In the project Matrix at I've posted the example code at https://github.com/mikeywashere/Matrix-Multiply you will find four files of interest.

The interface IMatrix that describes how to access a basic matrix. An indexer with an x and a y position and two properties Rows and Columns that tell how large the matrix is.

MatrixBase witch implements a few basic methods. MatrixMultiply, RandomFill and ToString along with basic data access. This class also implements the data storage as a single dimensional array which lets us control the access order, row or column optimized. Row optimized accesses the memory sequentially if the row index is incremented by one, column optimized accessed the data sequentially

RowOptimizedMatrix which is basically just redefining MatrixBase because it is already accessing the data in a row optimized way.

ColumnOptimizedMatrix which changes the data access to be in a column optimized way.

The Test

The basis of the test is this data:

const int repeat = 3;
const int size = 1000;

static MatrixBase co1 = new ColumnOptimizedMatrix(size, size);
static MatrixBase ro1 = new RowOptimizedMatrix(size, size);
static MatrixBase co2 = new ColumnOptimizedMatrix(size, size);
static MatrixBase ro2 = new RowOptimizedMatrix(size, size);

static MatrixBase aco1 = new ColumnOptimizedMatrix(size, size);
static MatrixBase aro1 = new RowOptimizedMatrix(size, size);

You'll also find in the matrix multiply code that there are a few parallel options defined.

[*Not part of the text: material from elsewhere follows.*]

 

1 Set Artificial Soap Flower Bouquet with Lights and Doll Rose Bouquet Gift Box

var parallelOptions1 = new ParallelOptions
{
    MaxDegreeOfParallelism = Environment.ProcessorCount * 2
};

var parallelOptions2 = new ParallelOptions
{
    MaxDegreeOfParallelism = Environment.ProcessorCount * 4
};

I found that using option 2 on my machine yielded the best results. You mileage may vary.

In program.cs there are tests for optimized and several non-optimized scenarios.

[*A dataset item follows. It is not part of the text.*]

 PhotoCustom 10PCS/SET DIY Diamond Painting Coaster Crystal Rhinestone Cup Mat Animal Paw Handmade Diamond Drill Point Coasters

On my machine, an AMD A10 6800K APU with four logical processors the winner is "Optimized input and column output" although "Optimized input and row output" was a very close second

The Results

On my machine, an AMD A10 6800K APU with four logical processors the winner is "Optimized input and column output" although "Optimized input and row output" was a very close second

Running: Optimized input and column output
ms: 3,427.00
ms: 3,238.00
ms: 3,184.00
Optimized input and column output: 3,283.00
Running: Optimized input and row output
ms: 3,320.00
ms: 3,565.00
ms: 3,260.00
Optimized input and row output: 3,381.67
Running: Non-Optimized, input 2 matrices by column and column output
ms: 6,920.00
ms: 6,829.00
ms: 6,799.00
Non-Optimized, input 2 matrices by column and column output: 6,849.33
Running: Non-Optimized, input 2 matrices by column and row output
ms: 6,946.00
ms: 7,014.00
ms: 6,671.00
Non-Optimized, input 2 matrices by column and row output: 6,877.00
Running: Non-Optimized, input 2 matrices by row and column output
ms: 6,981.00
ms: 7,174.00
ms: 7,283.00
Non-Optimized, input 2 matrices by row and column output: 7,146.00
Running: Non-Optimized, input 2 matrices by row and row output
ms: 7,288.00
ms: 7,656.00
ms: 7,345.00
Non-Optimized, input 2 matrices by row and row output: 7,429.67

Why

The matrix multiply method accesses memory from one matrix in a row ordered method, and from a second matrix in a column ordered method. By creating data structures that are optimized for their usage scenario you can see a performance gain of up to two times (on my system).

Being twice as fast at anything is good. Understanding and being able to prove why one piece of code is faster than another is very good.